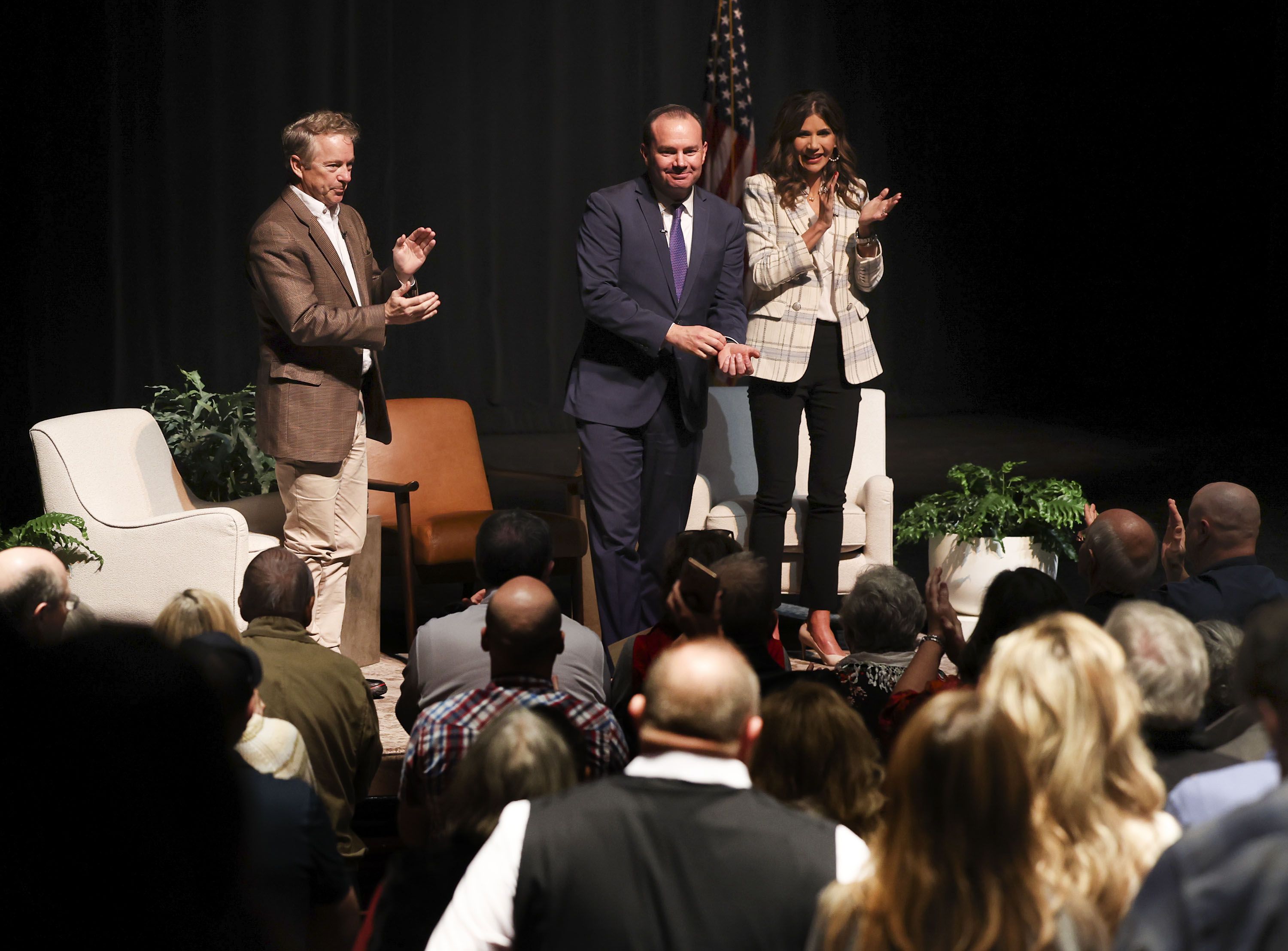 Sen. Rand Paul, R-KY, left, Sen. Mike Lee, R-UT, and South Dakota Gov. Kristi Noem address prospective state delegates of the Utah Republican Party at the Rose Wagner Performing Arts Center in Salt Lake City on Friday.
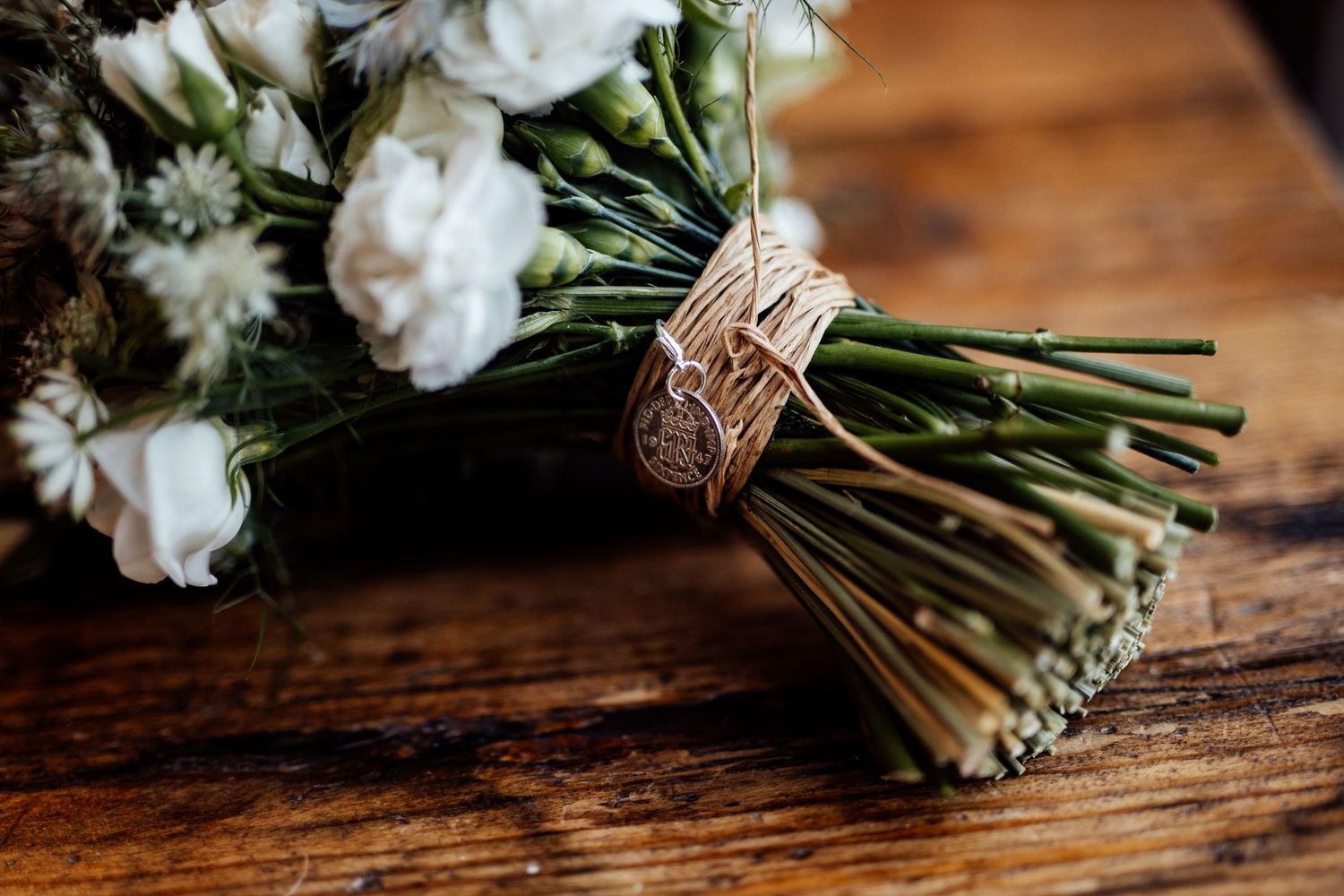 Close-up details of an elegant white floral wedding bouquet with greenery on wooden surface.
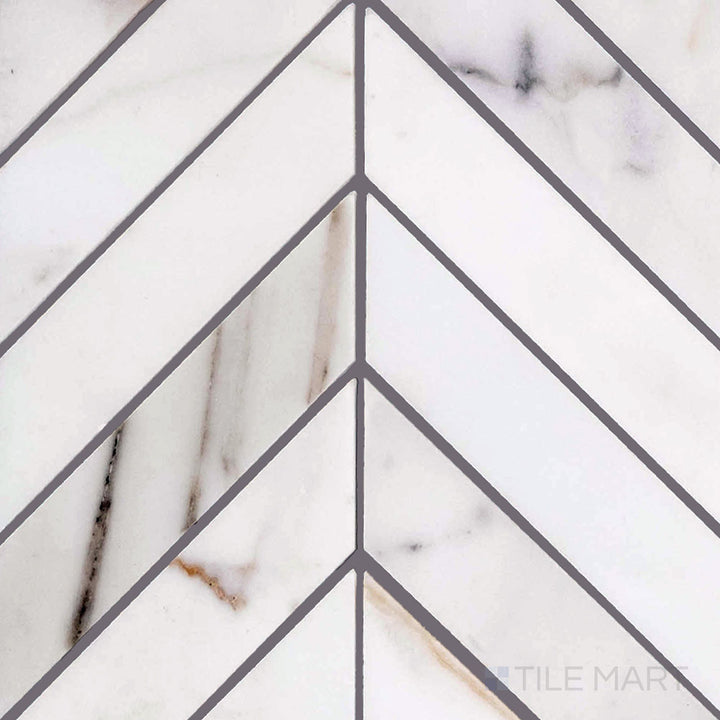 Overview of Calacatta Gold marble chevron polished mosaic tile, with striking V-shaped pattern and dramatic golden veining.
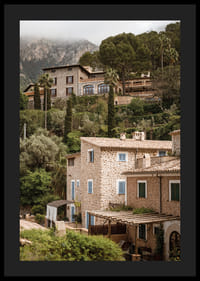 Charming village with stone houses surrounded by lush greenery.-4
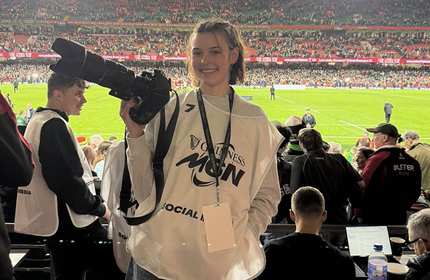 A young woman holds a camera with a large lens in the stands at a sport stadium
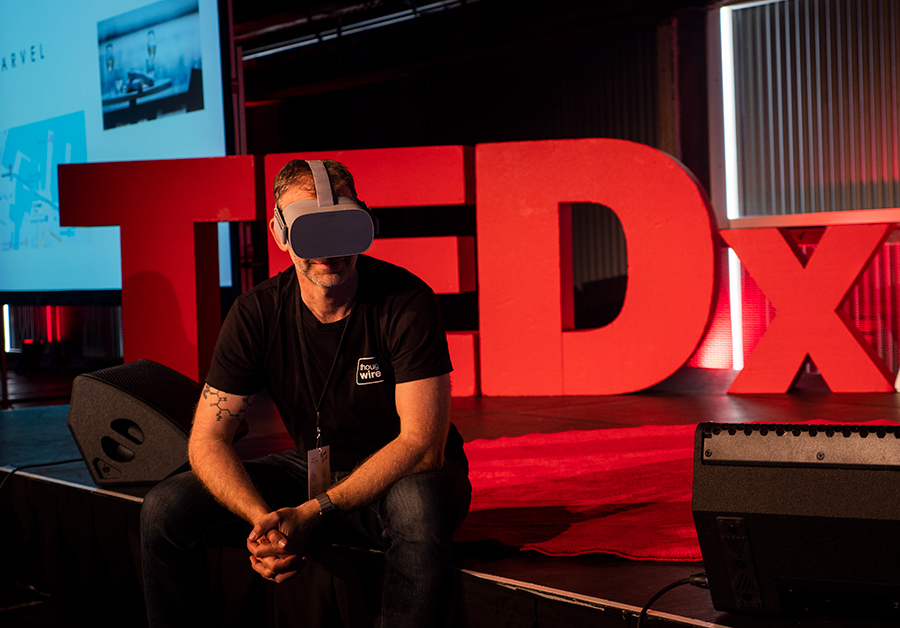 Talking Mimes creator Stefan wearing the Oculus Go sitting on the TEDx stage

◆ Exercise details
Transcribe the listing exactly; omit all images.

◆ Task result
 Sen. Rand Paul, R-KY, left, Sen. Mike Lee, R-UT, and South Dakota Gov. Kristi Noem address prospective state delegates of the Utah Republican Party at the Rose Wagner Performing Arts Center in Salt Lake City on Friday.
 Close-up details of an elegant white floral wedding bouquet with greenery on wooden surface.
 Overview of Calacatta Gold marble chevron polished mosaic tile, with striking V-shaped pattern and dramatic golden veining.
 Charming village with stone houses surrounded by lush greenery.-4
 A young woman holds a camera with a large lens in the stands at a sport stadium
 Talking Mimes creator Stefan wearing the Oculus Go sitting on the TEDx stage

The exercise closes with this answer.